[Short descriptive text snippets]
-.-.-

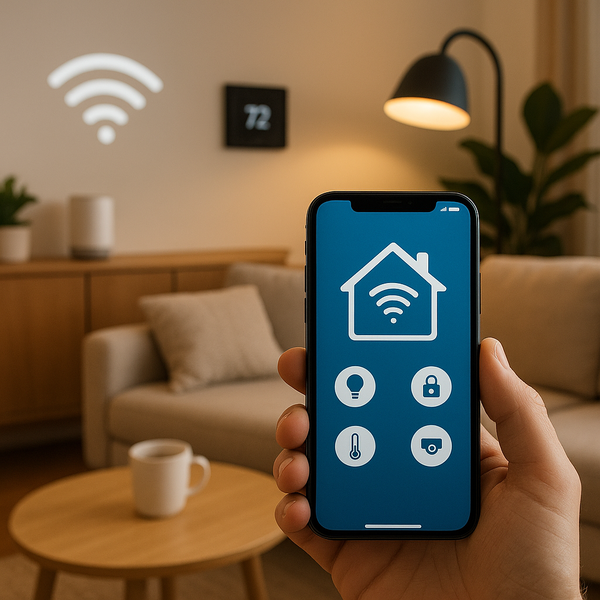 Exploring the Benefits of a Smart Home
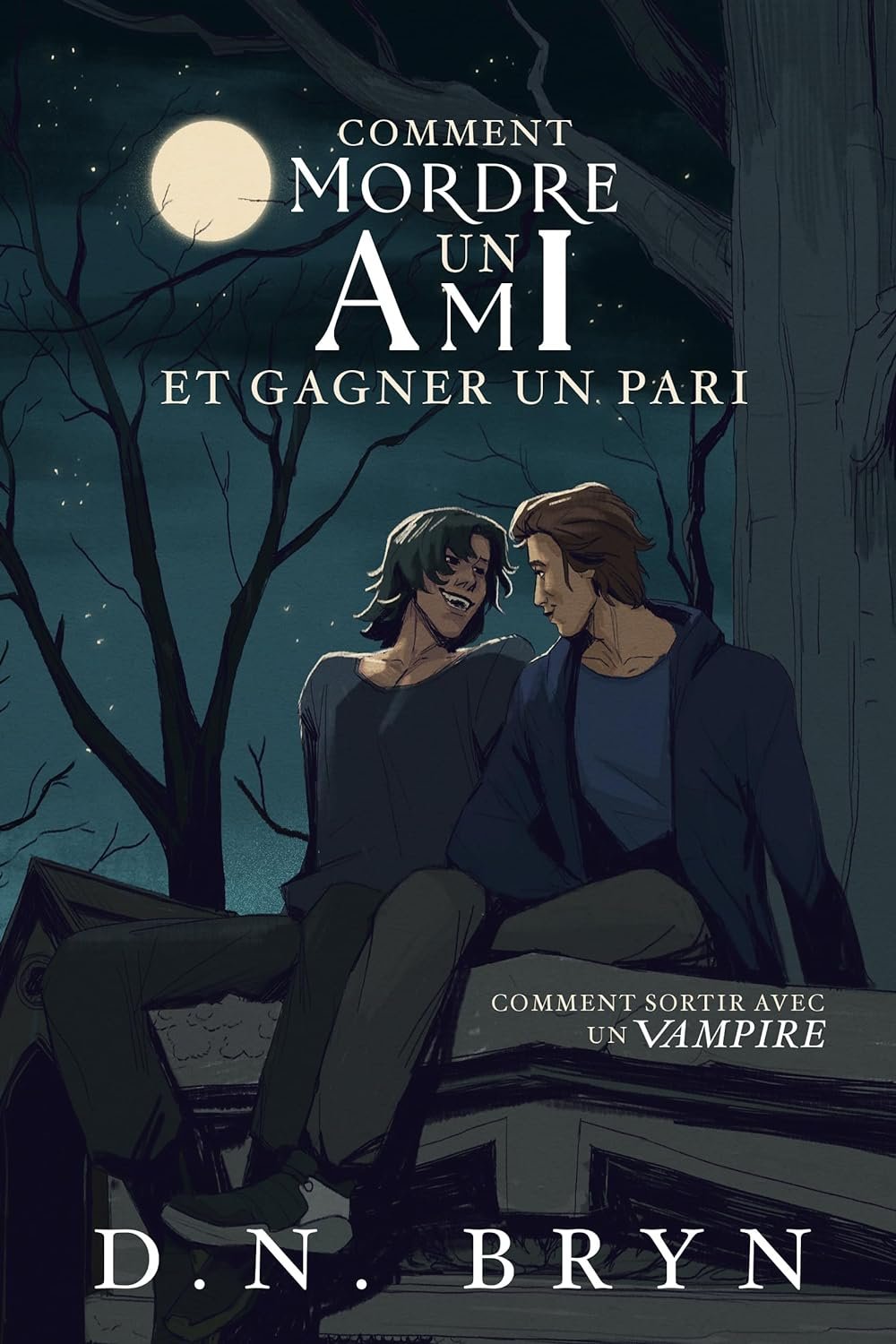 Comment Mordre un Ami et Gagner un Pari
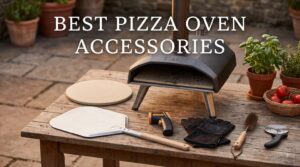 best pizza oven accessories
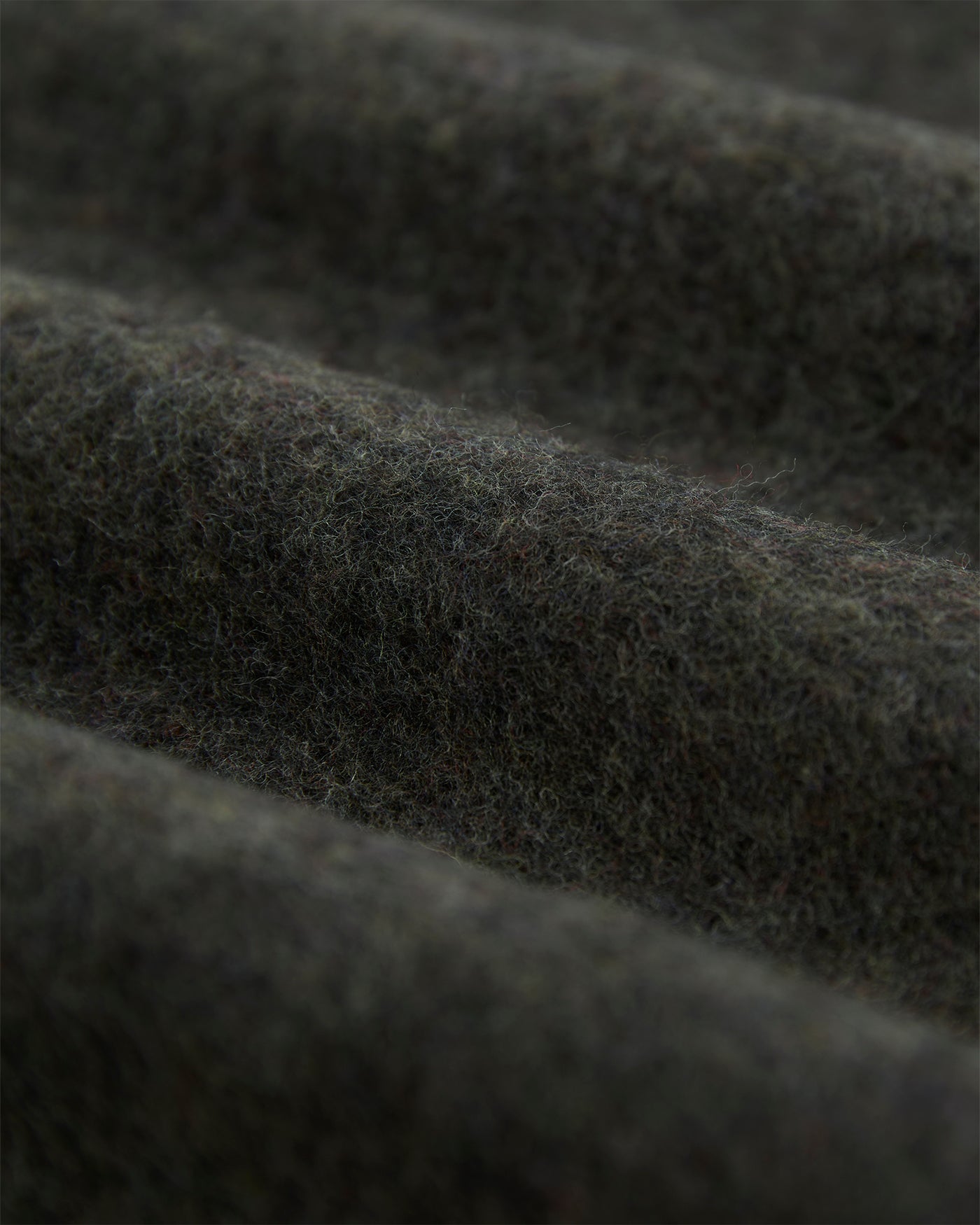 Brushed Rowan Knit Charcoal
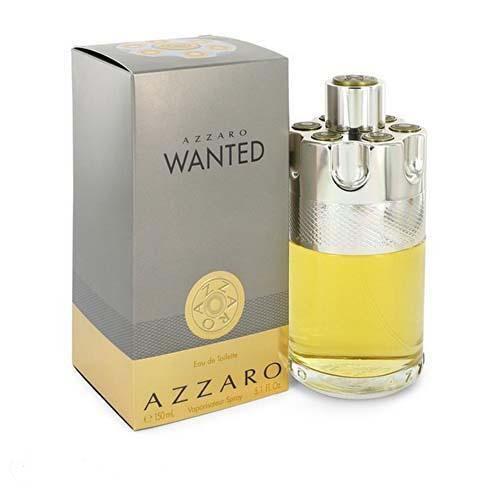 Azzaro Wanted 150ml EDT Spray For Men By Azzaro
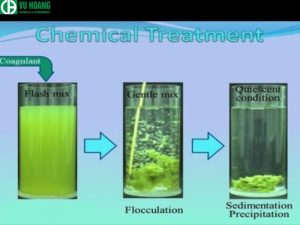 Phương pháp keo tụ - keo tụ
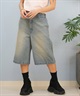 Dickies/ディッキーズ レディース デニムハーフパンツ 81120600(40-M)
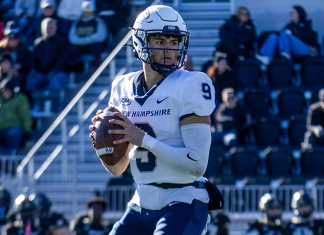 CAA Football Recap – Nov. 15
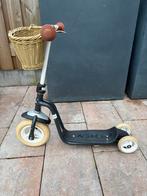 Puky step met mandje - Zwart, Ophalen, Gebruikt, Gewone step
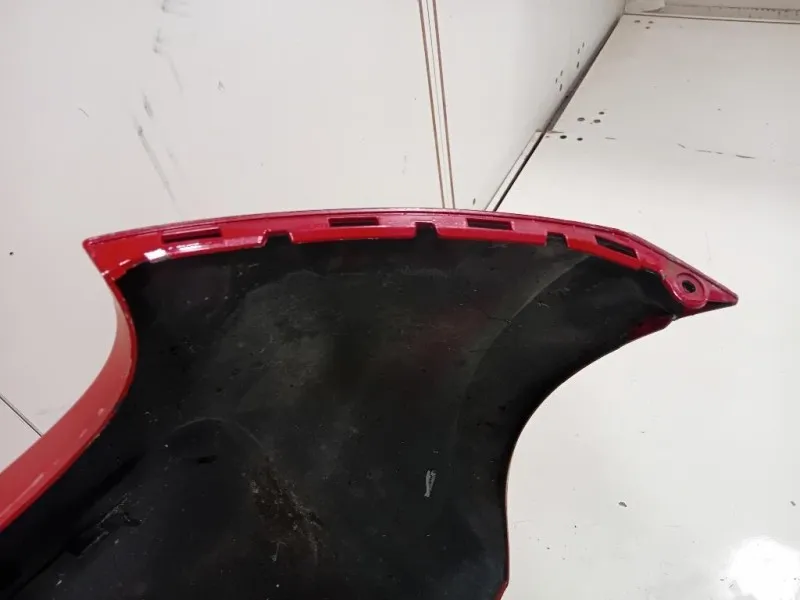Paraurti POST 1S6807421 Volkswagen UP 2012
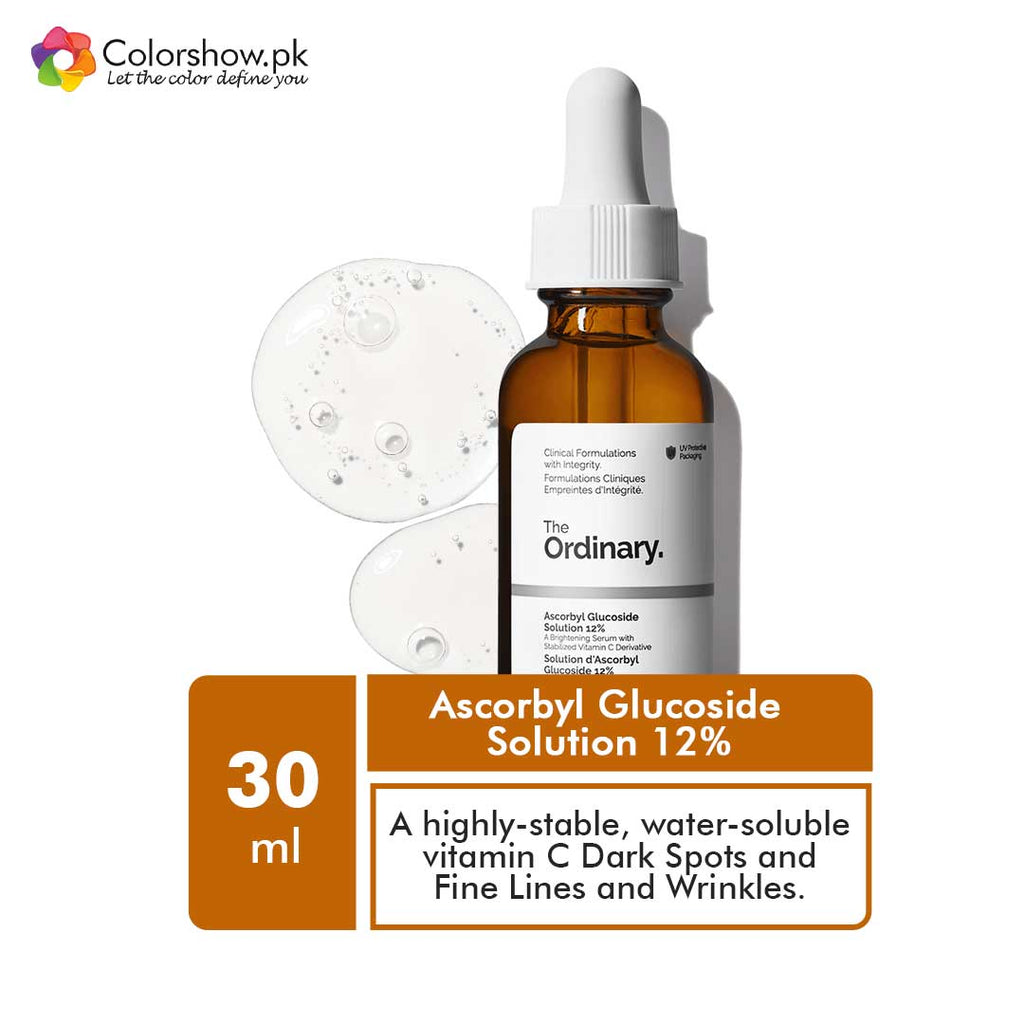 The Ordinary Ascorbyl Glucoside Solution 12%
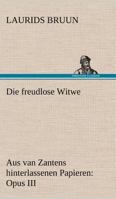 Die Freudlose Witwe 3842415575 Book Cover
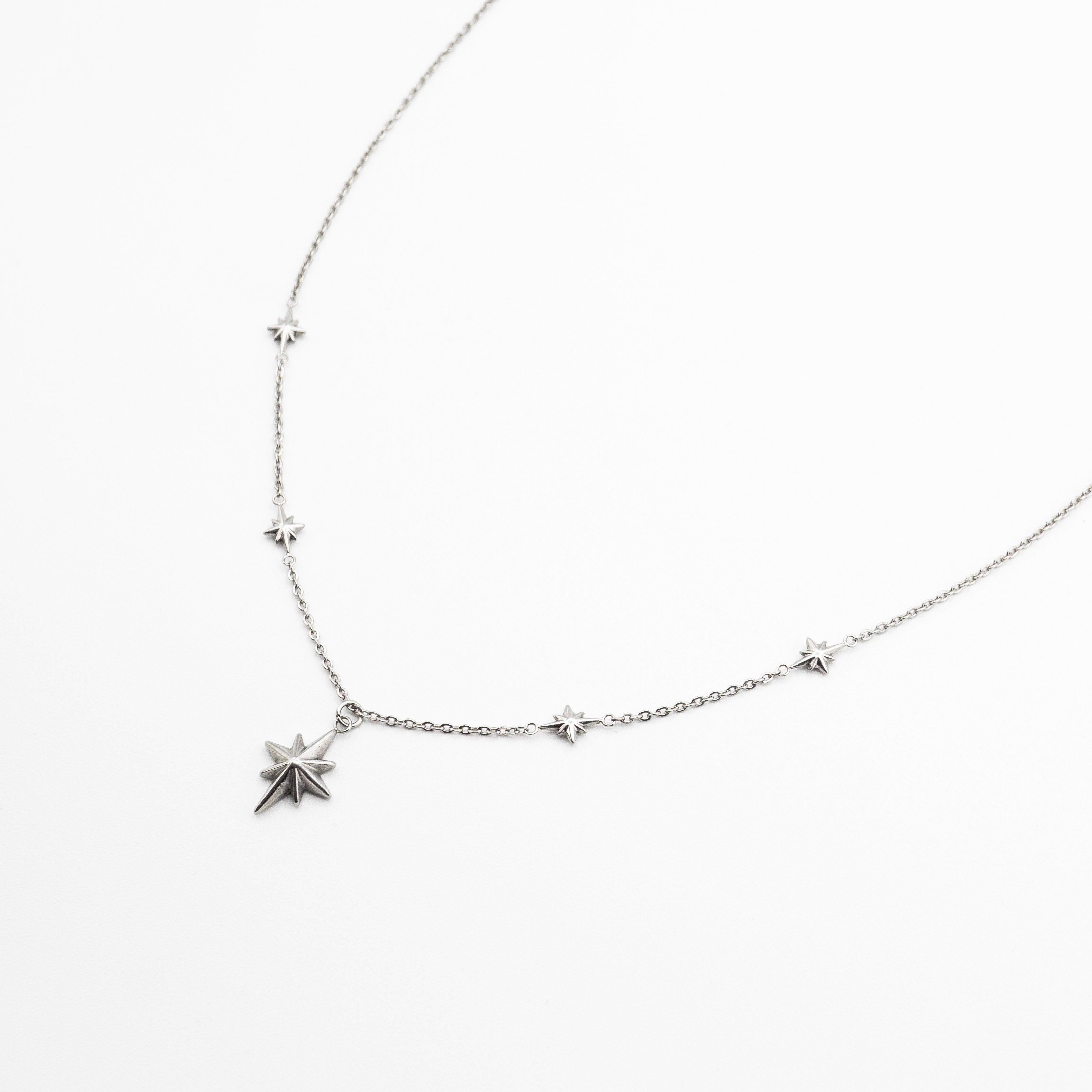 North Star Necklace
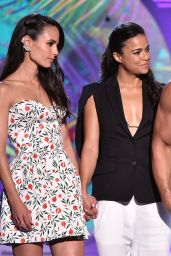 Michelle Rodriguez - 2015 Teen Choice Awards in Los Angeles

-.-.-

## Exercise instructions
Leave the pictures out and repeat exactly the lines from the beginning of the records to the line bearing "Die Freudlose Witwe 3842415575 Book Cover", both ends counted.

## Task output
 Exploring the Benefits of a Smart Home
 Comment Mordre un Ami et Gagner un Pari
 best pizza oven accessories
 Brushed Rowan Knit Charcoal
 Azzaro Wanted 150ml EDT Spray For Men By Azzaro
 Phương pháp keo tụ - keo tụ
 Dickies/ディッキーズ レディース デニムハーフパンツ 81120600(40-M)
 CAA Football Recap – Nov. 15
 Puky step met mandje - Zwart, Ophalen, Gebruikt, Gewone step
Paraurti POST 1S6807421 Volkswagen UP 2012
 The Ordinary Ascorbyl Glucoside Solution 12%
 Die Freudlose Witwe 3842415575 Book Cover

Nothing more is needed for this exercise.